In de eerste jaren was de regionale spreiding van de convenantsgebieden een belangrijk criterium bij de toekenning van nieuwe convenants. Het doel was een netwerk van erfgoedcellen over heel Vlaanderen uit te bouwen.
Nadruk op integrale en geïntegreerde benadering
Verruimde invulling van convenants
In het decreet van 2008 werd het begrip ‘integrale benadering’ verder doorgetrokken in de convenants. Ze moesten van dan af het hele lokale cultureelerfgoedbeleid omvatten. Ook de beoordelingscriteria werden aangepast om die bredere scope voldoende te weerspiegelen in de beoordeling.
Door die verruimde invulling omvatte een convenant vanaf 2009 afspraken over drie sporen:
- expertise-uitwisseling en samenwerking, gecoördineerd door de cultureelerfgoedcel (een voortzetting van de eerdere opdracht);
- cultureelerfgoedfora die overleg en participatie mogelijk maken;
- ondersteuningsbeleid om de uitvoering te versterken.
Cultureelerfgoedfora: ruimte voor een nieuw experiment
Het tweede spoor was de uitbouw van een cultureelerfgoedforum. Zo’n forum fungeerde als netwerk van collectiebeherende en andere cultureelerfgoedorganisaties, met een gezamenlijk doel: diverse erfgoedpraktijken samenbrengen en de verhalen van een stad of streek vertellen vanuit een brede en geïntegreerde werking.
Een belangrijk uitgangspunt daarbij was de diversiteit van het cultureel erfgoed, verbonden aan uiteenlopende groepen en gemeenschappen. Het innovatieve lag hierin dat een forum niet gebonden was aan één gebouw of aan één type werking. De in die periode toenemende aandacht voor de verhalen van de stad of streek vormde een belangrijke katalysator voor dit experiment.

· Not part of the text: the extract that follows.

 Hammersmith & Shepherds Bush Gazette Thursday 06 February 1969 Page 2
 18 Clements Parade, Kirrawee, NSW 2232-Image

Vier steden gingen via het cultureelerfgoedconvenant van 2009-2014 met deze experimentele opdracht aan de slag: Antwerpen, Brugge, Brussel en Gent. Ze onderzochten verschillende pistes om een netwerk uit te bouwen en te ondersteunen. Na 2014 werd de experimentele fase niet verlengd of opengesteld voor andere convenants. Het concept van een forum leefde verder in de vernieuwde stedelijke musea, zoals het STAM in Gent of het MAS in Antwerpen, of binnen de cultureelerfgoedcel, zoals in Brugge.
Complementaire ondersteuning
Het derde spoor legde de nadruk op de lokale verantwoordelijkheid voor een eigen cultureelerfgoedbeleid. Sinds 2009 worden de Vlaamse middelen explicieter als aanvullend gezien op de inspanningen van de lokale besturen.
- In de convenants 2009-2014 kregen besturen 12.500 euro extra per jaar voor elk erkend museum ingedeeld bij het basisniveau. In totaal ging het om 14 musea. Voor 2009 subsidieerde de Vlaamse Gemeenschap deze organisaties nog rechtstreeks.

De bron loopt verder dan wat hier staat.